Diversity Profiles
Duriel Harris

When Duriel Harris isn’t busy with her teaching, she is hard at work writing and performing poetry. Harris, an assistant professor of English, was recently named a Fellow of the Pan African Literary Forum, a weeklong workshop that will be held in Ghana in the summer of 2008.

A distinguished and celebrated poet, Harris has been a guest lecturer at Sarah Lawrence College and Adelphi University.  Her poetry has been featured in numerous journals and anthologies.  Her book, Drag, is a compilation of her poetry – a talent and a passion that she discovered as an undergraduate at Yale University.

Harris is also a talented musician.  Since 2001, she has been performing with Douglas Ewart and Inventions, a Chicago-based jazz ensemble.  The band intends to release an album in the fall, titled Velvet Fire.  In performance, Harris shares her poetry, in true improvisational form.  One of three female vocalists in the band, she also plays percussion instruments, ranging from the cabasa to agogo bells. 
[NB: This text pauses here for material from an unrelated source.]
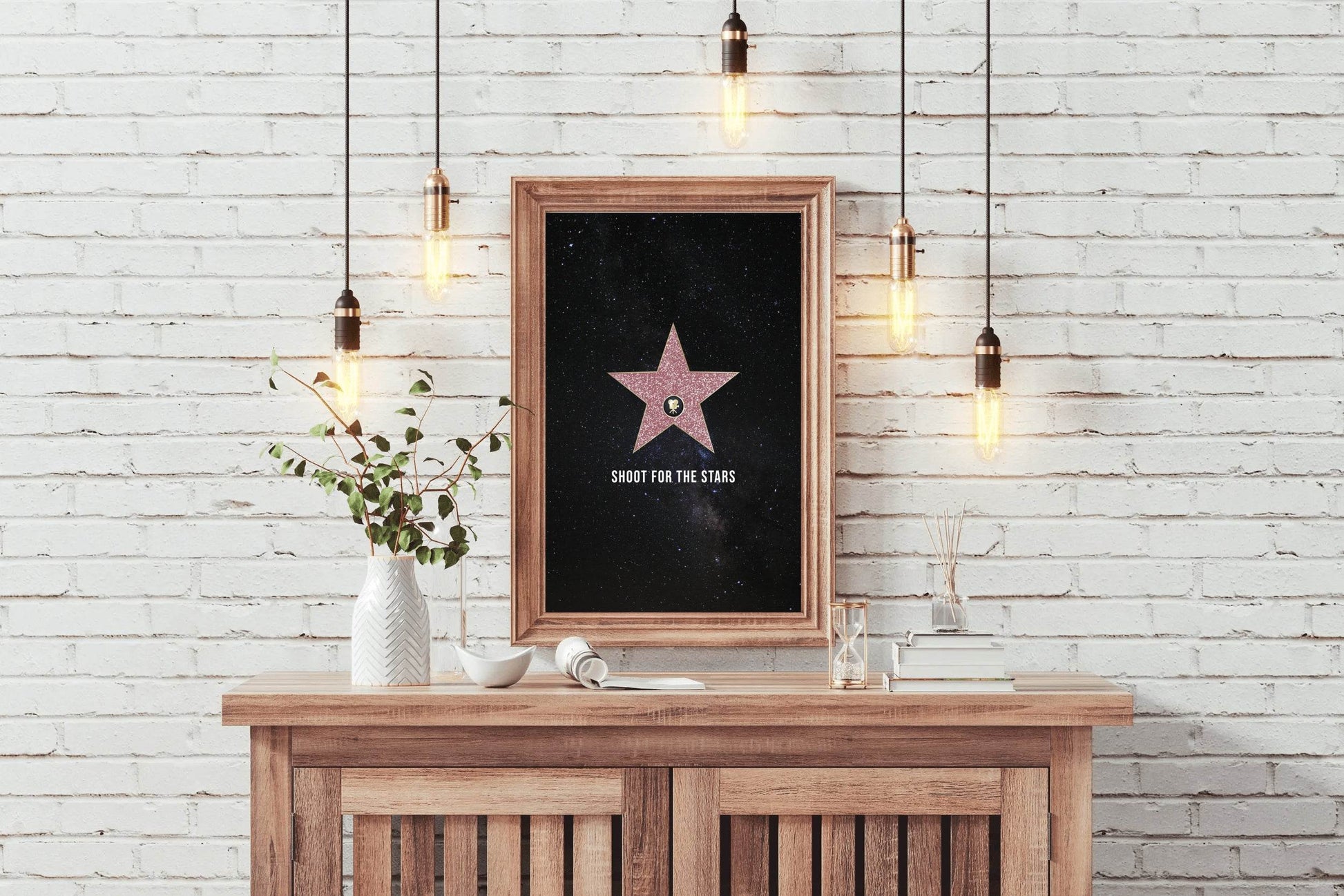 Hollywood Walk of Fame Star Los Angeles Wall Art - beink online art store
Harris’s relationship with sound is reflected in her research.  She is working on “AMNESIAC,” a media art project that will include a book-length poetry collection, DVD, a Web site and sound recording.  “I am exploring narrative, linguistic, graphic and performative textuality in the effort to create poems that are paradigms for and means of recovery from traumatic memory loss,” says Harris.
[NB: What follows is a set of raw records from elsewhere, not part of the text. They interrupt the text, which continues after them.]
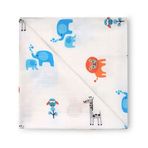 La'mina Baby Safari 120x120 cm Müslin Örtü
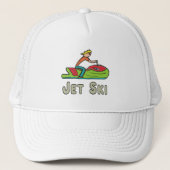 Jet Ski Trucker Pet (Voorkant)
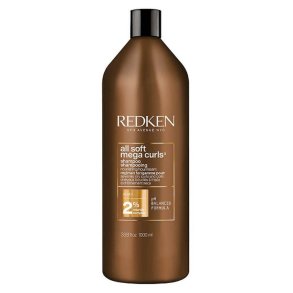 Redken All Soft Mega Curl Shampoo 1000 ml.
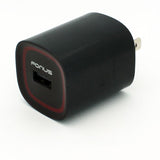 2.4A Home Wall Charger 6ft Cable with LED Light - Micro USB - Fonus C12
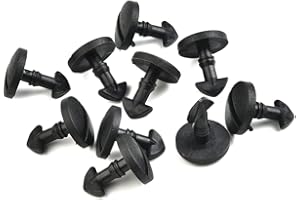 EMIIF 10 Stück hintere Stoßstange Abdeckung Clips Abdeckung Clips Abschleppverkleidung für Land Rover Discovery 3 4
Harris received her M.A. from New York University and the Ph.D. from the University of Illinois.  She says graduate study gave her the opportunity to connect with other artists, broadening her horizons and opening the doors to a new world of creativity.

Harris is as passionate about teaching as she is about music and poetry. “It’s been rewarding to build relationships through the collective experience of grappling with ideas,” she says.  As a poet, musician and professor, “I hope to continuously outshine myself and to keep growing,” Harris proclaims.